Page history last edited by PBworks 17 years, 7 months ago

Palmer, Stuart - The Green Ace

 

The Green Ace (1950) is a late entry in the series of detective novels featuring Hildegarde Withers. This is one of those books, like Freeman's The Mystery of Angelina Frood (1922), in which, at the solution, every clue that the reader has been laboriously following turns out to be faked by the criminal, the product of a lie, or simply irrelevant. In these books the solution seems to have little to do with the clues the detective work previously dredged up. Sometimes this approach is good, but usually it just seems annoying to me, almost like a cheat. At least Freeman's book is one in which the solution contains a "thundering surprise" in compensation, to quote a phrase of John Dickson Carr, but Palmer's book has nothing that ingenious. Palmer's solution is logical, legitimate and fair, but it is certainly not very creative.
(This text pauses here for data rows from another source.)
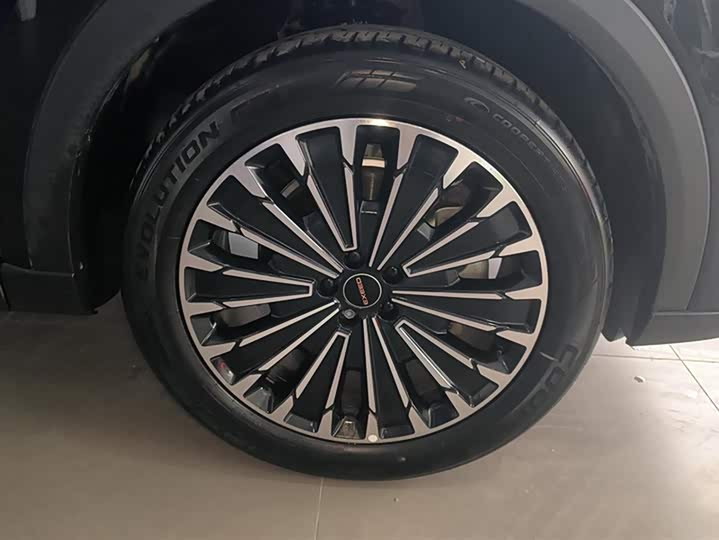 Фото 6 - Exeed RX C-DM Hybrid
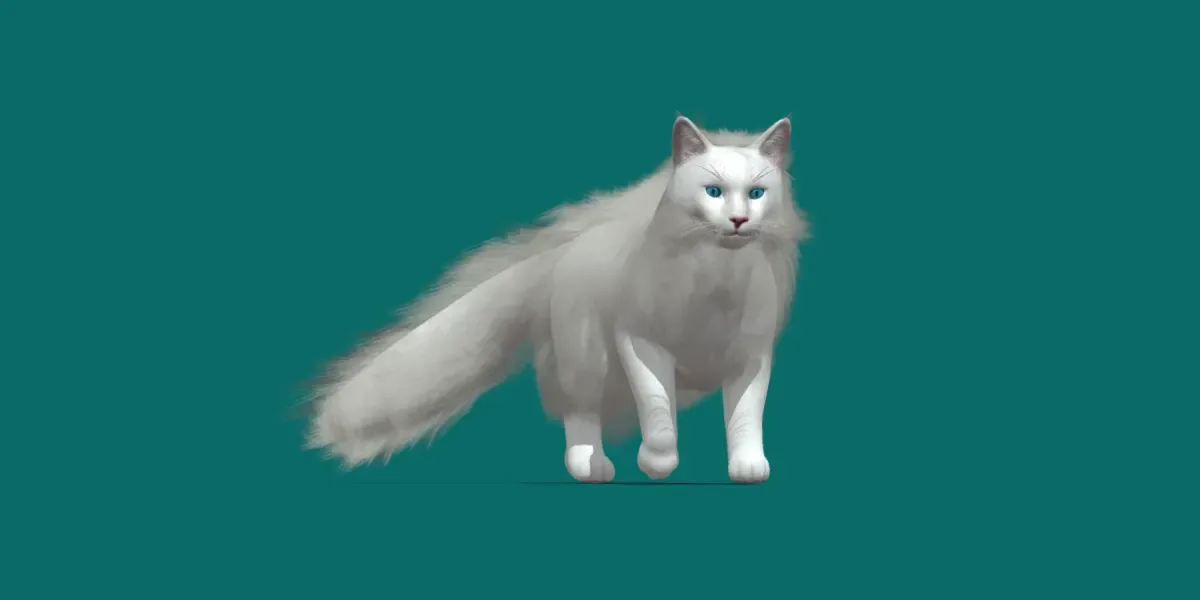 American LongHair Cat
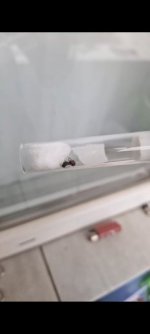 1000016243.jpg 1000016243.jpg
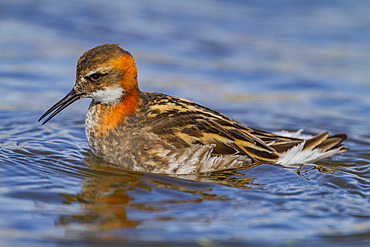 Adult red-necked phalarope, Phalaropus lobatus, in breeding plumage on Flatey Island in Iceland.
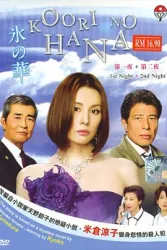 冰之华（电视剧）[2008]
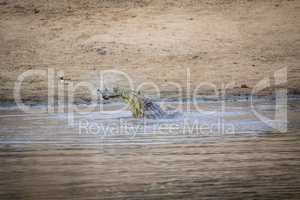 Crocodile eating an Impala in a dam in Kruger.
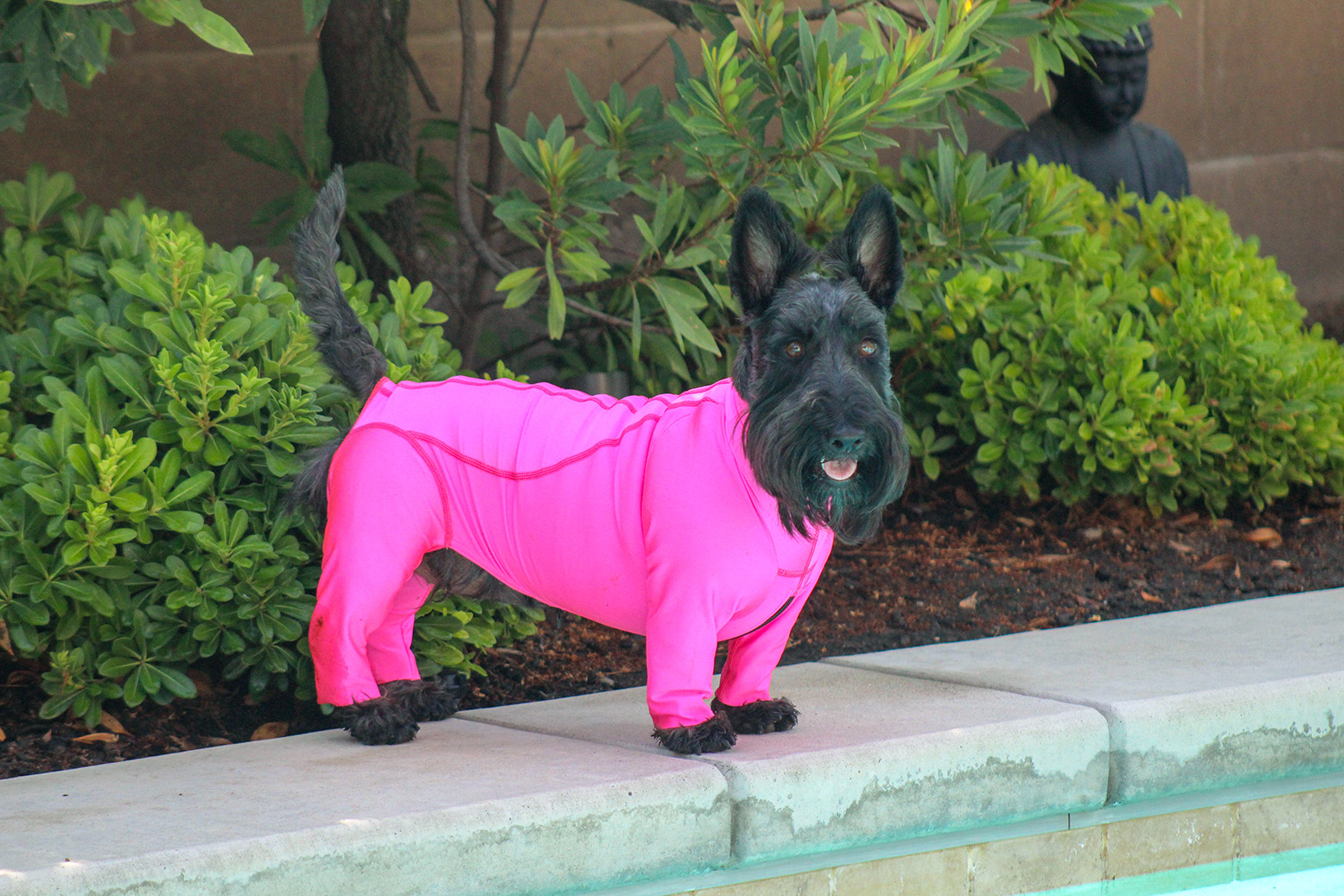 New Suit Guide K9 Top Coat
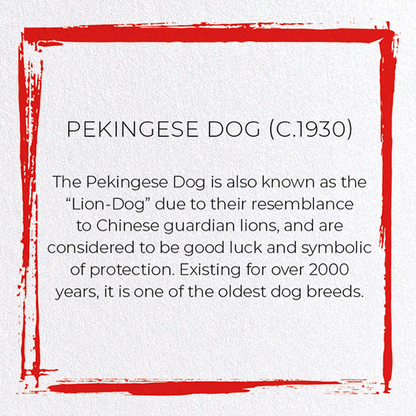 PEKINGESE DOG (C.1930): Japanese Greeting Card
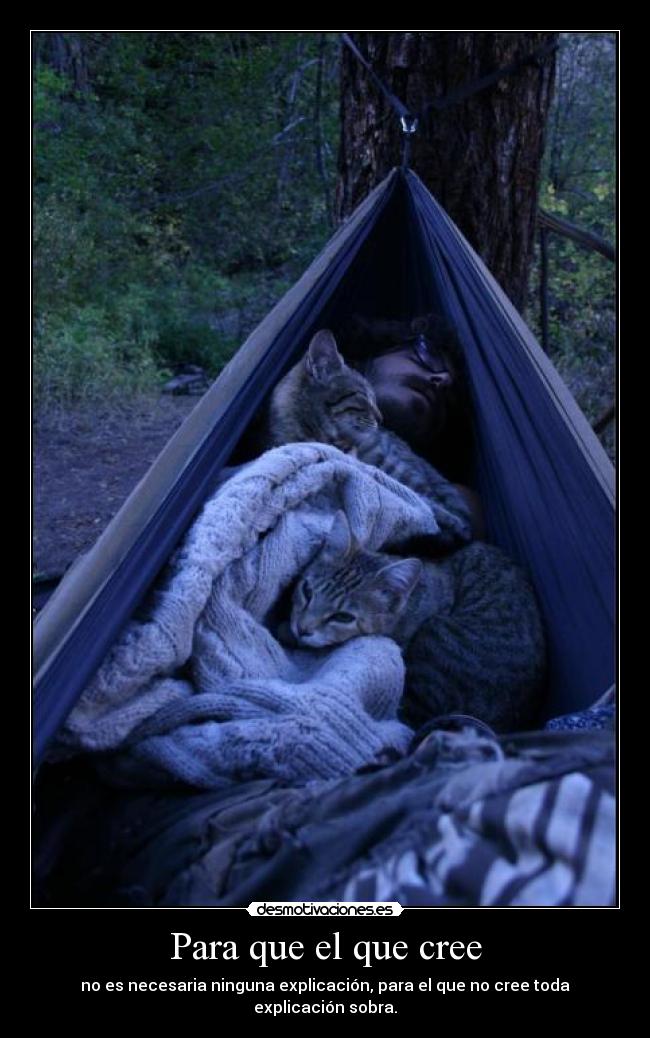 carteles clan catkillers desmotivaciones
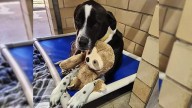 Louisiana Shelter Pup Comforts Herself With A Plushie While Waiting For Adoption Day
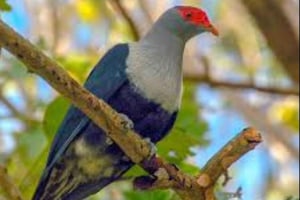 Aventure sur l'île Cousin, Curieuse et St Pierre avec BBQ Bliss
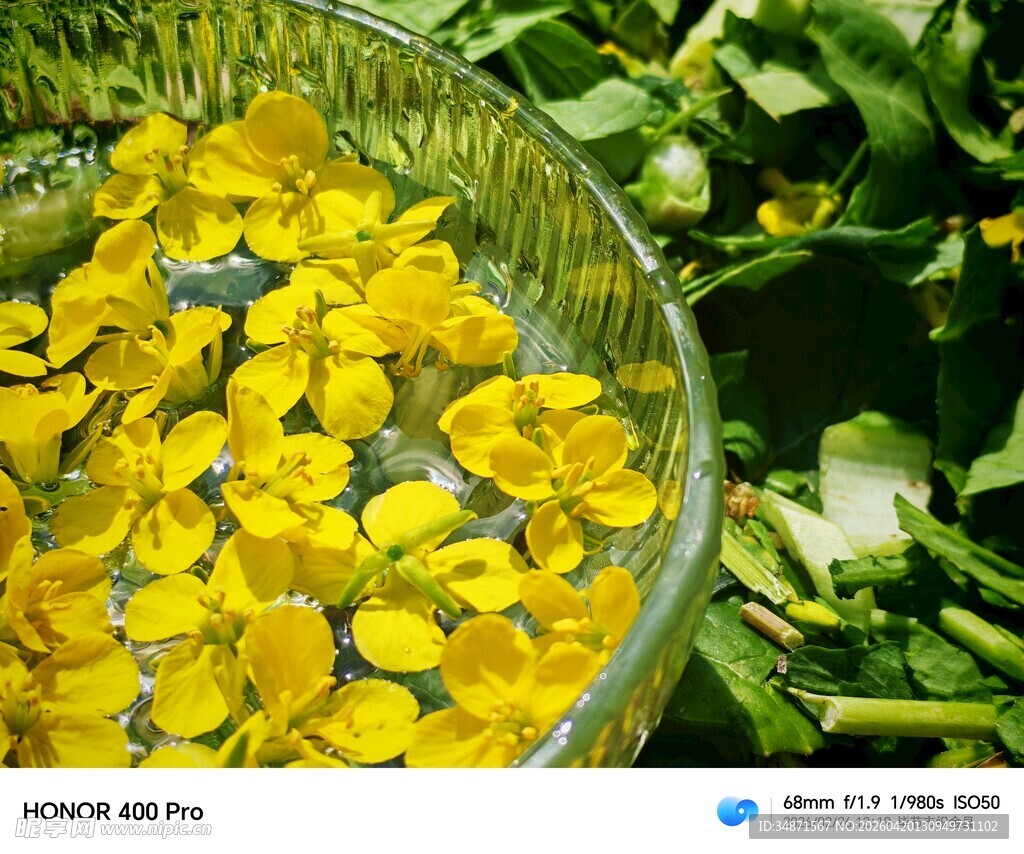 玻璃碗中的鲜嫩黄色小花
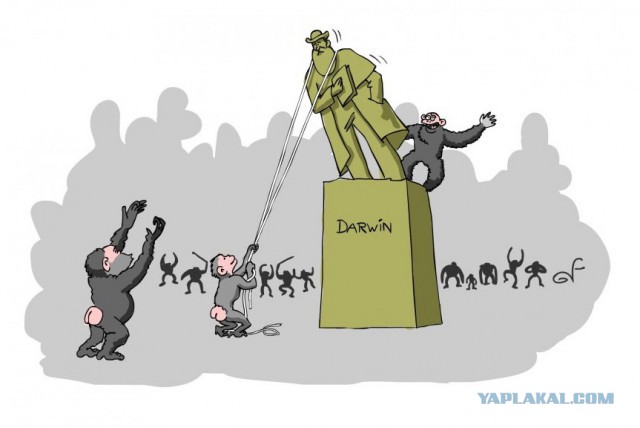 На Западной Украине снесён памятник Кутузову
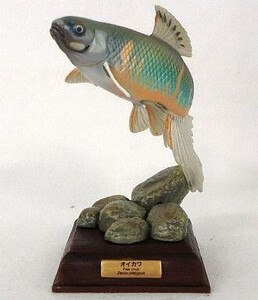 中古トレーディングフィギュア オイカワ(婚姻色) 「ネイチャーテクニカラー 日本の清流」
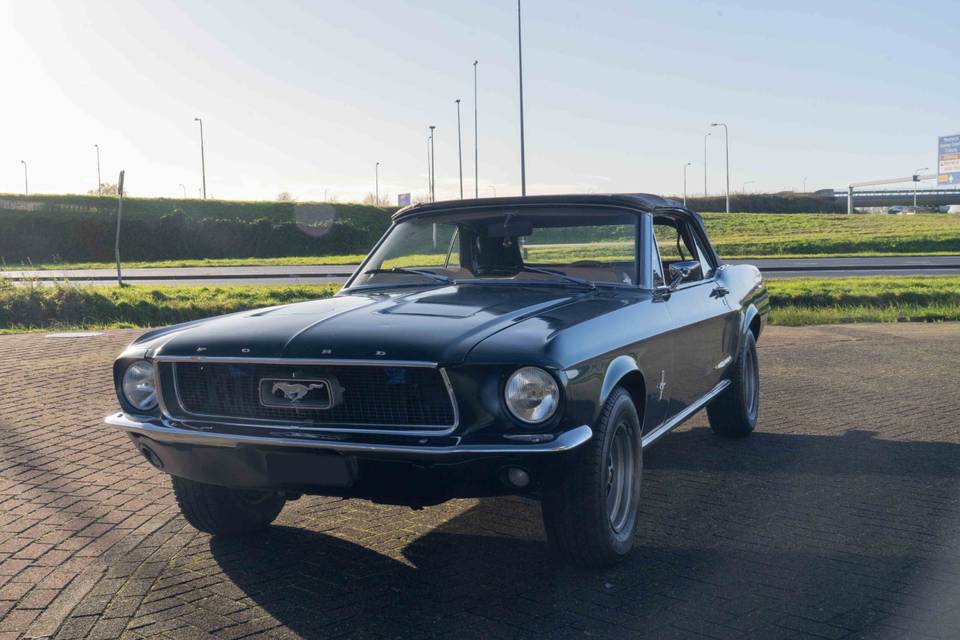 Ford Mustang Cabriolet V8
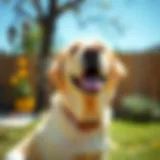 A playful yellow Labrador Retriever in a sunny backyard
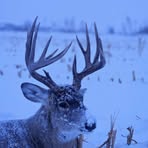 Chris Ehresmann - Facebook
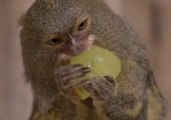 Relatable: Tiny Monkeys Cram Delicious Treats Into Their Mouths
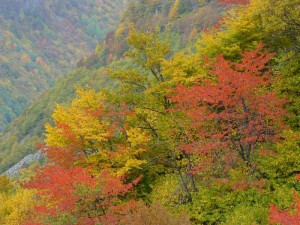 herbstgruesse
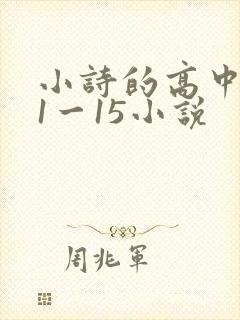 小诗的高中日记1一15小说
Since the puzzle plot of The Green Ace is disappointing, I should supposedly be giving a thumbs down to the book. Actually, I enjoyed reading it very much. Palmer is a good storyteller, and I enjoyed spending time with Miss Withers and Inspector Piper. There is a background of cheap showbiz in the tale, something Palmer does very well, and I also liked the descriptions of the operations of the New York police. This book is a political landmark in Palmer's fiction as well: in The Green Ace, Palmer pointedly speaks out in favor of racial integration.

 

The Green Ace (1950) might be an influence on Truman Capote's novella Breakfast at Tiffany's (1958). Although the murder victim is never on stage in Palmer's book, she is the much discussed central presence of the novel. The murder victim in The Green Ace is a young show girl, very attractive to a series of men, who has much in common with Capote's Holly Golightly. Both have a similar secret in their past. The Green Ace also contains scenes set at Sing-Sing and Tiffany's, two locales in Capote's novella. (In both works, a woman visits an inmate at the prison. How many works of world literature contain both Sing-Sing and Tiffany's as a location? It must be a vanishingly small number.) There is also a young man from a well to do family, who has to cope with his stuffy family's ideas of marriage in both works (Palmer's is from Philadelphia's Main Line, Capote's is a Brazilian diplomat). A dog is an important character in Palmer, a cat in Capote.

 

Mike Grost


A genuine discovery (and probably the first since - er - Reginald Hill in 2001). Miss Withers, the spinster detective, is much more active than Miss Marple or Miss Silver, and, with her gusto hands-on approach to detection and habit of calling everyone 'child', is a bit like Mrs Croc. She's a lot of fun: she impersonates a condemned man's wife when she visits a prison and nearly gets arrested; visits a night club and startles everyone by her inaccurate grasp of 'modern' slang; is put in an asylum when she tries to take control of a siege; and is arrested for stealing from a department store. But she isn't a figure of fun - she's intelligent and morally upright, and, however much she may irritate Inspector Piper, both he and the reader respect her. No mean feat to create a detective who is both comic AND serious.

 

The detective plot is excellent. It reminded me of the glory days of Carr, Queen and Van Dine (in the US) - not as elaborate or hyper-ingenious, but with the same maddening 'Whodunnit?' pull. I suspected the right murderer at the start - only for Miss Withers to consider and reject my carefully nursed theory halfway through, so of course I rejected it, too! I then worked out an elaborate false theory (with several holes in it) - only for Miss Withers to show that I'd been right at the start. Excellent. 4/5.